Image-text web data

-*-

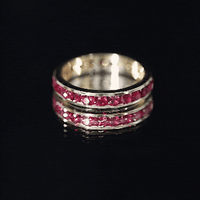 Round Created Ruby Full Eternity Ring in Channel Setting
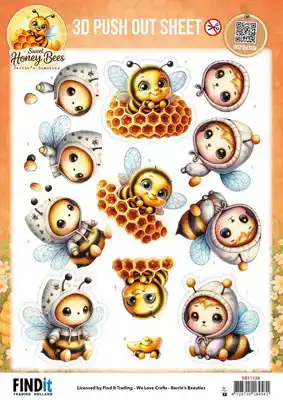 3D Pushout Sheet Berries Beauties Sweet Honey Bees Honeycomb Friends
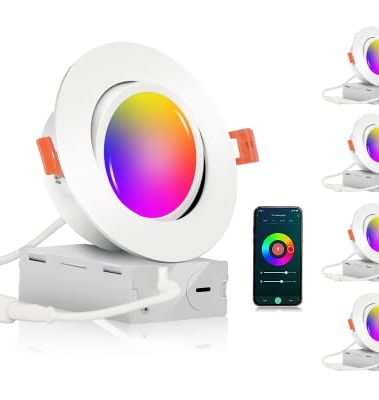 CLOUDY BAY 4 inch Gimbal Smart WiFi LED Recessed Lights,RGBCW Color Changing,Compatible with Alexa and Google Home Assistant,No Hub Required,2700K-6500K,IC Rated,Pack of 4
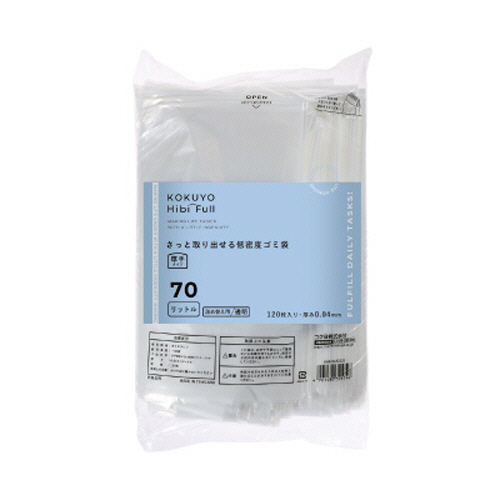 ﾋﾋﾞﾌﾙ さっと取り出せる低密度ｺﾞﾐ袋 厚手 70L 詰替 透明 1ﾊﾟｯｸ(120枚)画像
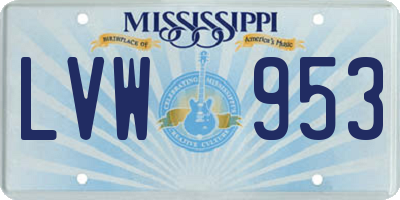 MS license plate LVW953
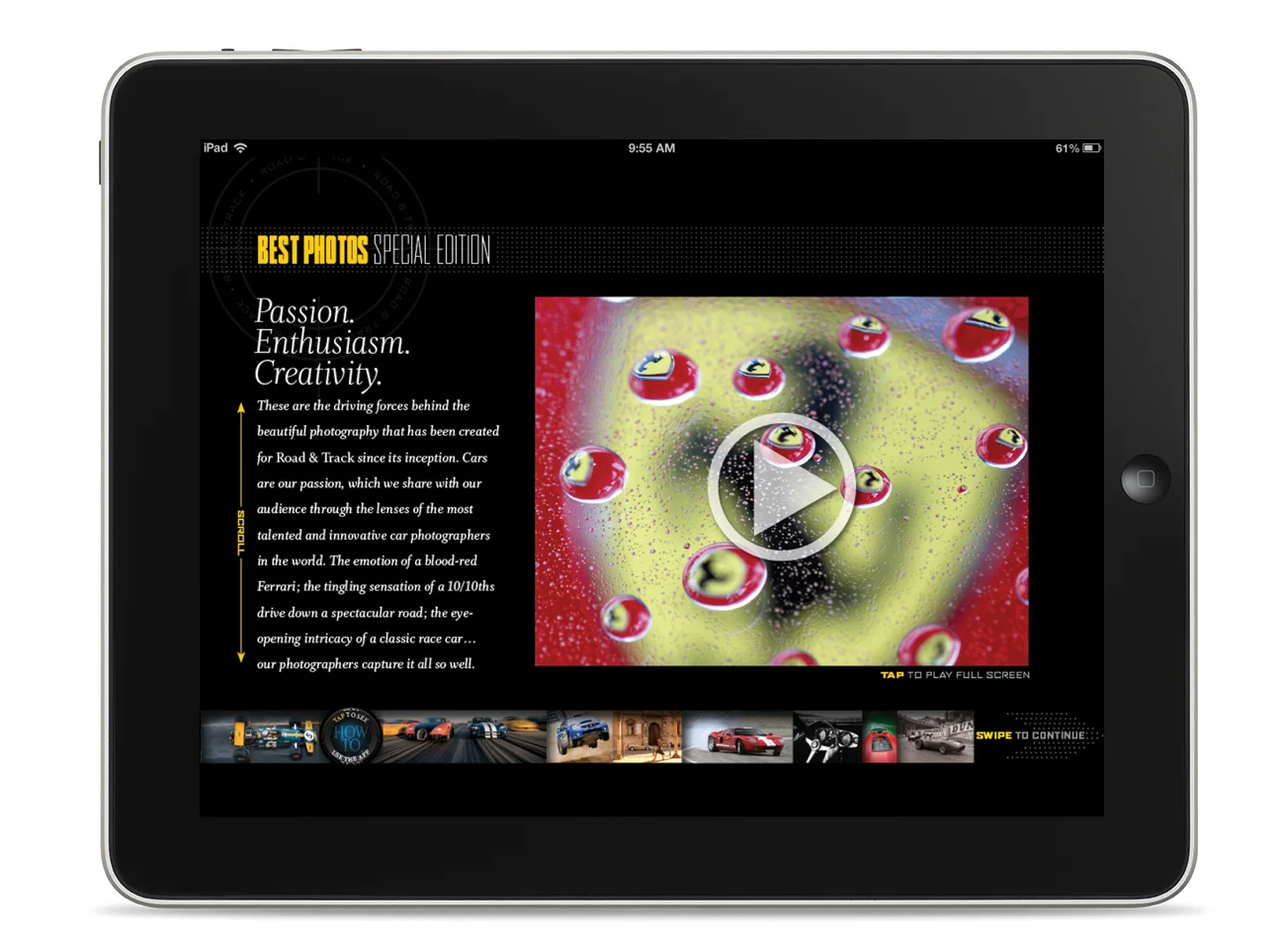 Intro screen. The video is an 'Eye Candy' production created from all of the images in the app.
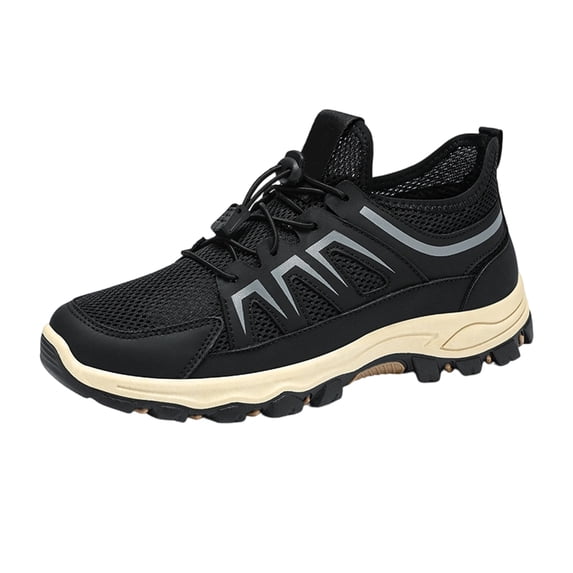 pwidon Men's Hiking Shoes Breathable Mesh Quick Toggle Lace Non Slip Rugged Sole Outdoor Trail Walking Sneakers Black 41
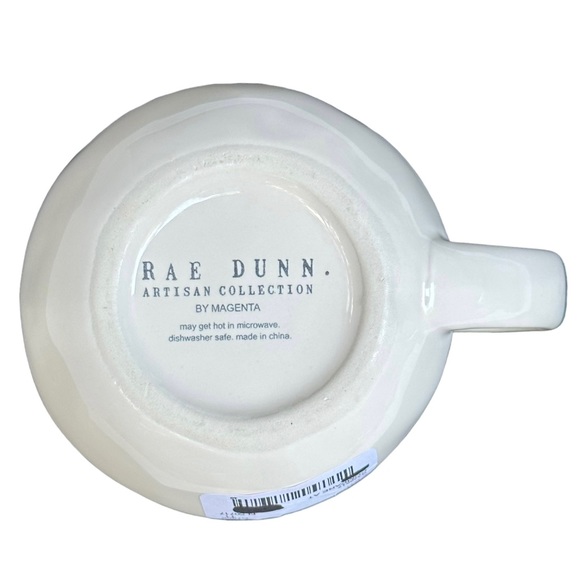 Rae Dunn CREAM Creamer Pitcher White Black Large Letters Dimples NWT 2017 OG - Picture 8 of 11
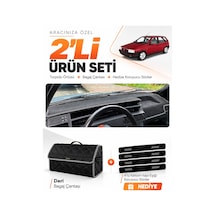 E-biz Fıat Tipo 1992-1997 Dijital Konsol Uyumlu Torpido Örtüsü + Deri Çanta - Siyah-gri - Fı018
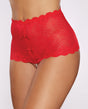 Allure Passion & Pearl High Waist Crotchless w/Pearls - Red O/S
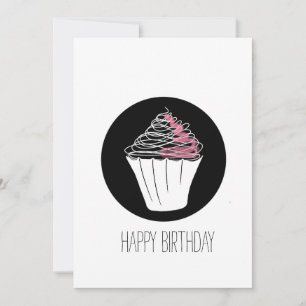 Grattis på födelsedagen Minimalistisk Cupcake-klot Kort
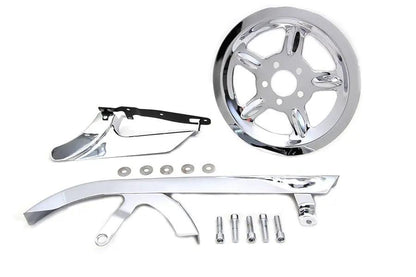 V-Twin Chrome Belt Guard and Pulley Cover Kit for Harley Davidson XL Models by V-Twin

-*-

Repeat exactly the lines above, beginning at the one containing "pwidon Men's Hiking" and ending at the one containing "Rae Dunn CREAM". Do not carry over any pictures.

 pwidon Men's Hiking Shoes Breathable Mesh Quick Toggle Lace Non Slip Rugged Sole Outdoor Trail Walking Sneakers Black 41
 Rae Dunn CREAM Creamer Pitcher White Black Large Letters Dimples NWT 2017 OG - Picture 8 of 11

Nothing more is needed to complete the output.